In den 667 katholischen Kitas im Erzbistum Köln betreuen über 9000 Mitarbeiterinnen und Mitarbeiter rund 40000 Kinder. Die Stellen der Erzieherinnen und Erzieher auch tatsächlich zu besetzen, ist in den letzten Jahren problematischer geworden. Wie fast jede Kindertagesstätte kämpft auch die Arche Noah mit dem Fachkräftemangel. "Da kommt viel zusammen", sagt Christine Ruhrländer-Ströter, "Corona hat uns an den Rand des Machbaren gebracht, viele von uns waren überlastet. Die Auswirkungen spüren wir immer noch. Was ich auch beobachte: Für viele junge Mitarbeitende spielt die Work-Life-Balance eine wichtige Rolle, einige sind schneller am Limit."
Entlastung erfährt die Kita Arche Noah zurzeit durch zwei Alltagshelfer. Sie unterstützen bei der Umsetzung von Hygieneregeln, beim Küchendienst oder begleiten Ausflüge. Alltagshelfer Michael Gabrisch (42) versteht sich als Teil des Teams: "Ich sehe, wie wichtig meine Hilfe für die Erzieherinnen und Erzieher ist, die manchmal am Rande ihrer Kräfte sind. Außerdem passt es gerade perfekt zu meiner Ausbildung zum Erzieher." NRW hat das Kita-Helfer-Programm zu Corona-Zeiten aufgesetzt und nun bis Juli 2023 verlängert. Für viele Kitas ist es inzwischen zu einem wichtigen Bestandteil der immer herausfordernder werdenden Arbeit geworden. Auch in Wülfrath hofft man, dass es nicht wieder abgeschafft wird.
Frühkindliche Bildung, das Auffangen familiärer Defizite, die Vermittlung von Spracherwerb und die Stärkung sozialer Kompetenzen sind nur einige Schwerpunkte im Mikrokosmos Kita. Sind Kitas mit diesen Funktionen angesichts aktueller Ereignisse und Phänomene wie Flucht, Armut, Personalmangel und Finanzierungslücken überfordert? "Es ist alles eine Frage der personellen Ausstattung und der Qualität des Personals", so Klaus Faulhaber-Birghan. Seit mehr als 20 Jahren ist er Bereichsleiter Kinder, Jugend und Familie beim Caritasverband für den Kreis Mettmann. Er fordert eine gründliche Analyse der Fachkräftemisere und sieht die Politik in der Mitverantwortung: "Fachschulkapazitäten müssen ausgedehnt, Ausbildungswege neu gedacht werden - es braucht eine echte Fachkräfteoffensive."

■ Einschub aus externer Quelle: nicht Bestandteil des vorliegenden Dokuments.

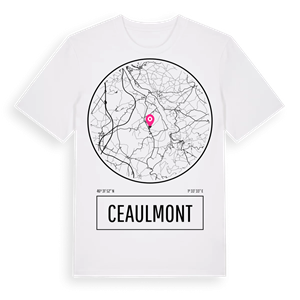 Ceaulmont t-shirt – ekologisk bomull t-shirt från Pinshirt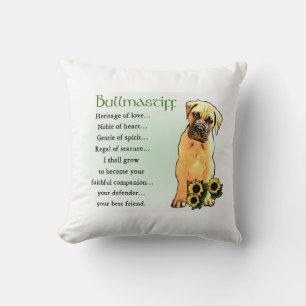 Bullmastiff Heritage of Love Gifts Cushion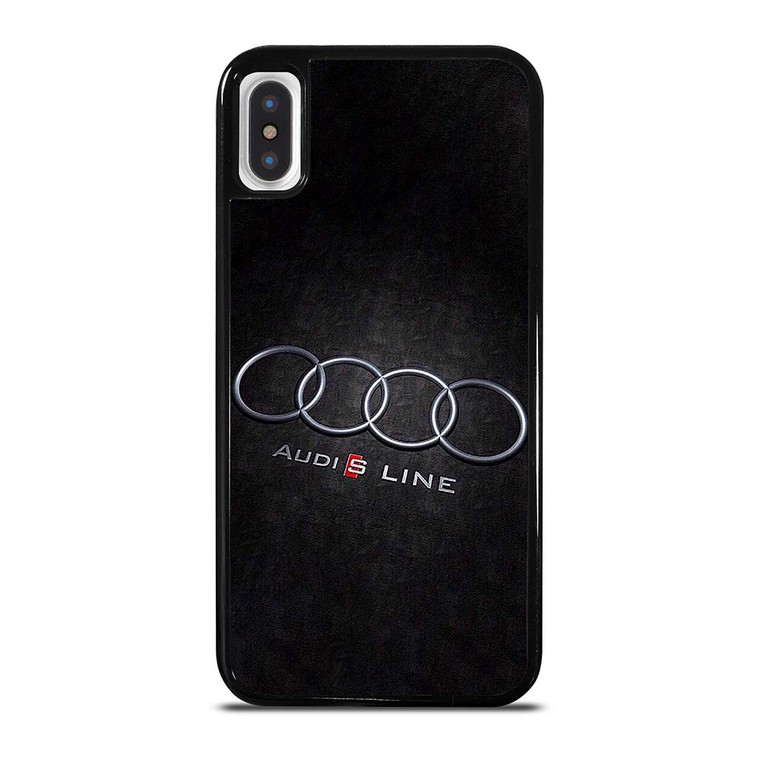 AUDI S LINE CAR EMBLEM iPhone X / XS Case Cover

Er ist Mitautor eines vom Diözesan-Caritasverband für das Erzbistum Köln herausgegebenen Positionspapiers mit konkreten Vorschlägen, um dem Fachkräftemangel zu begegnen. "Rückmeldungen dazu aus der Politik gab es bisher sehr wenige", berichtet Klaus Faulhaber-Birghan. Nicht zu vergessen sei beim Fachkräftethema das Personal, das seit vielen Jahren schon sehr gute Arbeit leiste. Zur Unterstützung brauche es ein wertschätzendes Klima, eine bestmögliche Ausstattung und hohe Professionalität, zum Beispiel in Form von regelmäßiger Supervision. "Die Caritas muss sich jetzt nicht nur für Kinder, Jugendliche und Familien zur Anwältin machen, sondern auch für die Erziehenden und die Fachkräfte von morgen. Diese verdienen als wichtige erste institutionelle Entwicklungs- und Bildungsbegleiter mehr gesellschaftliche Anerkennung, auch in Form von Hochschulabschlüssen, Aufstiegs- und entsprechenden Verdienstmöglichkeiten", so Faulhaber-Birghan.

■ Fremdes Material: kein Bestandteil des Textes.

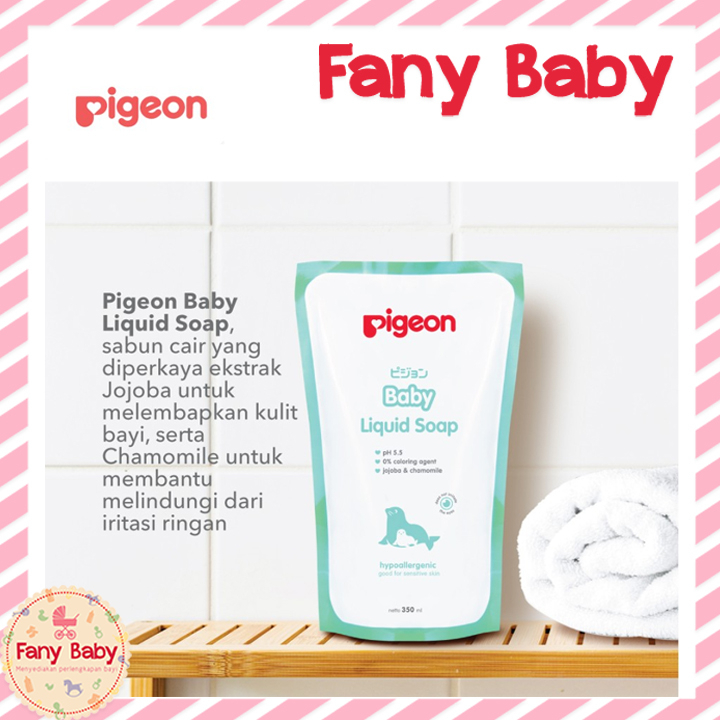 PIGEON LIQUID SOAP 350ML REFILL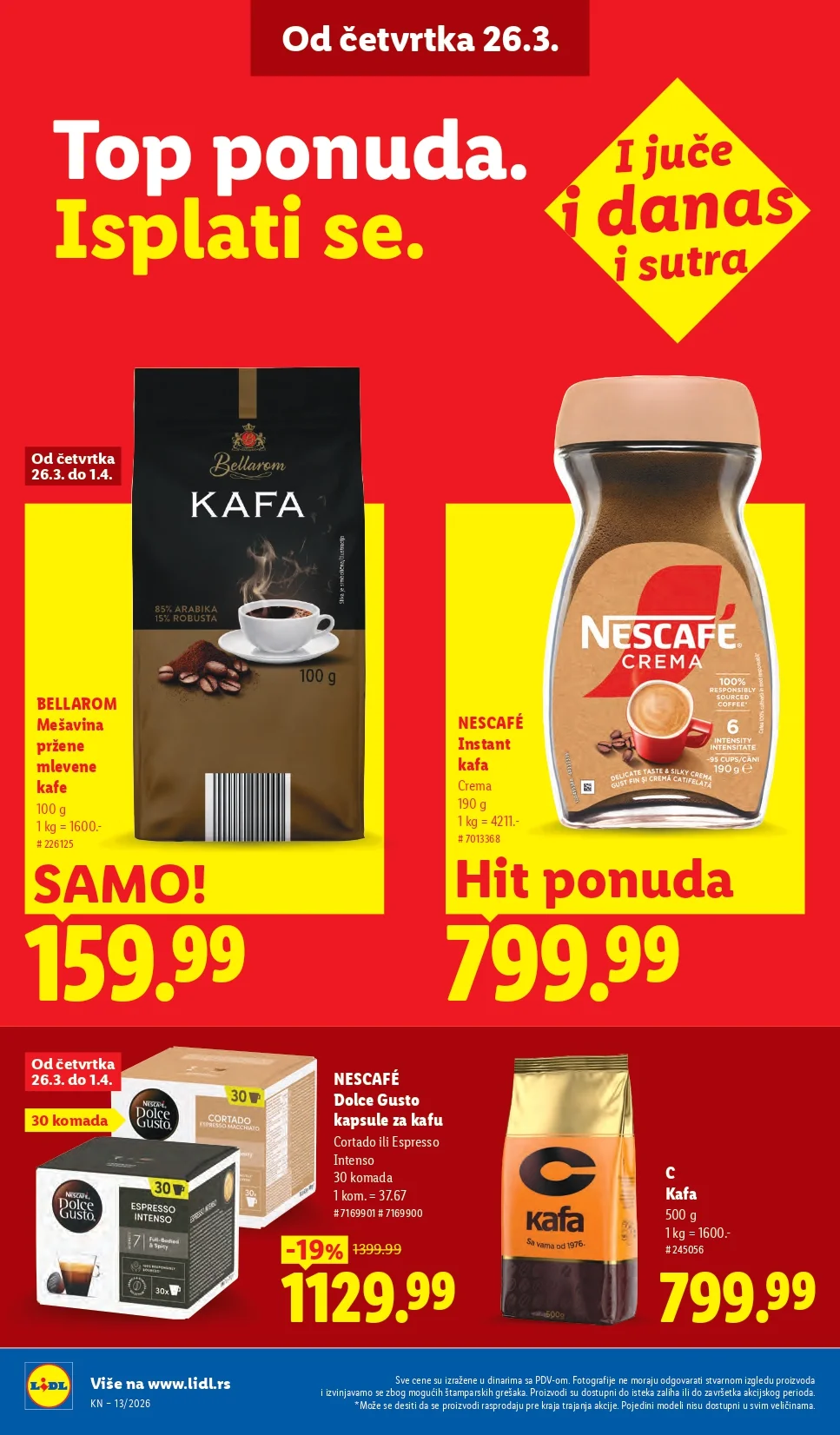 Lidl katalog 26.3-1.4.2026.
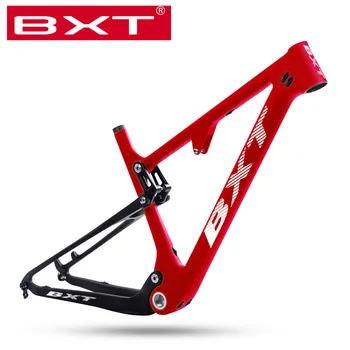 

29 Full Suspension MTB Bicycle 142*12mm Carbon frame 29er boost suspension 148*12 mountain bike frame DH Cycling Bicycle Frame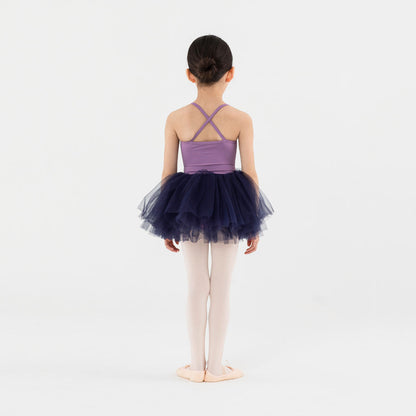 女童紫色芭蕾舞连体衣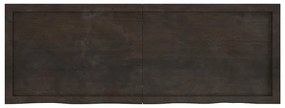 vidaXL Ράφι Τοίχου Σκούρο Καφέ 140x50x(2-4) εκ. Επεξ. Μασίφ Ξύλο Δρυός
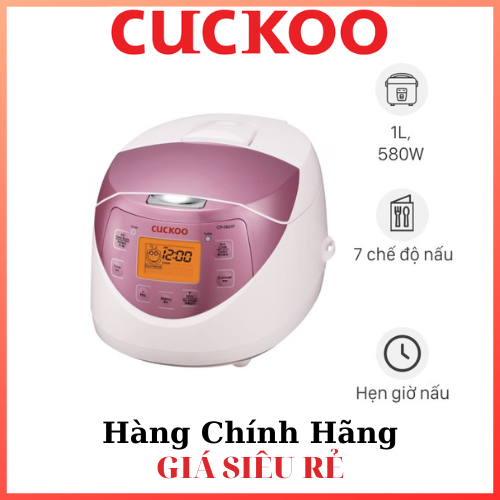 Nồi cơm điện tử Cuckoo 1 lít CR- 0631F hàng New full box chính hãng nhập nguyên con Nhật Bản dung tích 1 lít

"Wer sich heute für den Erziehungsberuf entscheidet und darin bestehen will, der braucht eine bestimmte Grundhaltung und eine Überzeugung aus tiefstem Herzen", sagt Christina Ruhrländer-Ströter. "Es ist nicht nur ein Job. Es ist eine sehr herausfordernde Arbeit mit hoher sozialer Verantwortung." Eine Grundhaltung, der Wertschätzung zusteht. Und bessere Rahmenbedingungen. Denn in der Kita entwickeln sich nicht nur viele kleine Individuen, hier entwickelt sich die Zukunft unserer Gesellschaft.

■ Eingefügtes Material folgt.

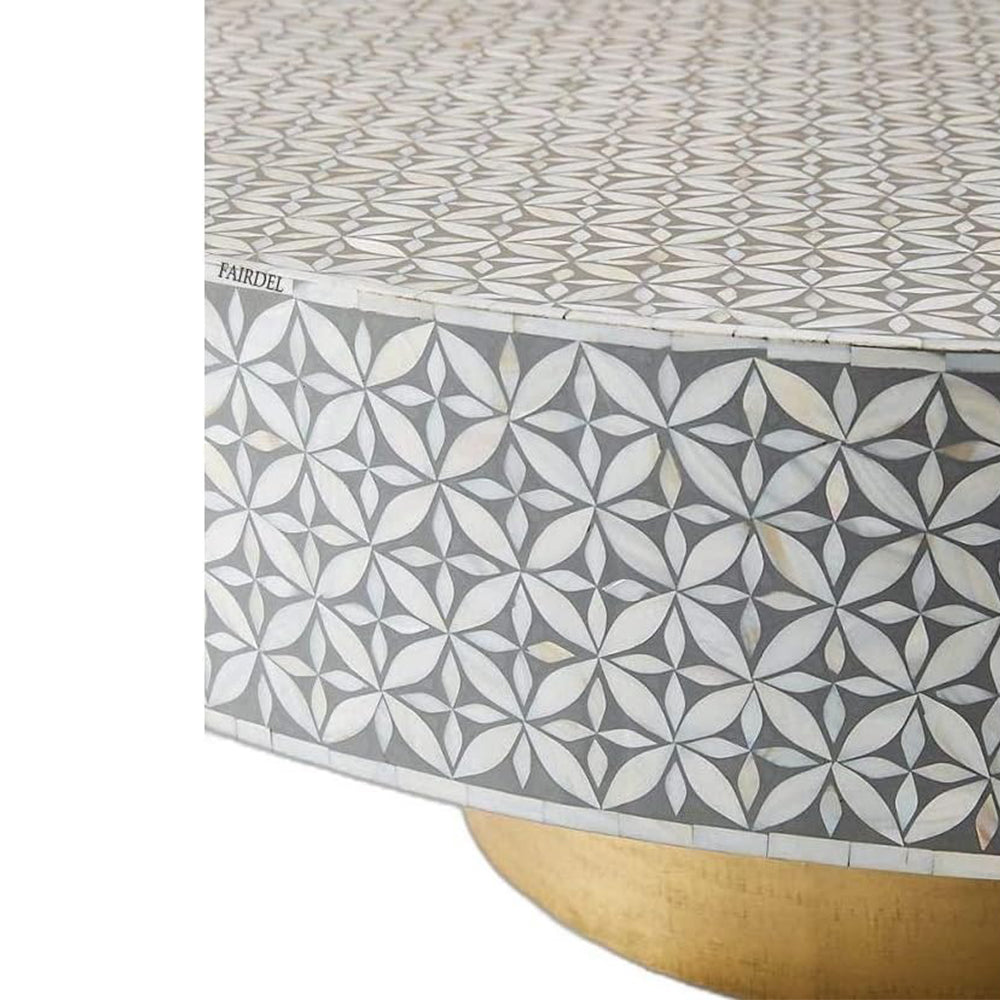 Moroccan Luxe Grey Coffee Table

Integration und Förderung von jung auf
In den katholischen Kitas im Erzbistum Köln werden rund 10000 Kinder - also ein Viertel aller Kinder - in sogenannten plusKITAs betreut. Hier spielen und lernen Kinder mit besonderem Unterstützungsbedarf. plusKITAs sollen die Sprachbildung fördern und an der Verbesserung von Bildungschancen mitwirken, vom Land NRW bekommen sie dafür eine zusätzliche finanzielle Förderung.
Die Kita Arche Noah in Wülfrath ist eine inklusive Kita ohne plus-Förderung. Sie gehört zu den Familienzentren NRW und ist katholisches Familienzentrum für Wülfrath. 33 Prozent der insgesamt 80 Kinder, die die Arche Noah besuchen, sind katholisch, 25 Prozent konfessionslos, 16 Prozent evangelisch, zwölf Prozent muslimischen Glaubens, zu den übrigen Kindern gibt es keine Angaben.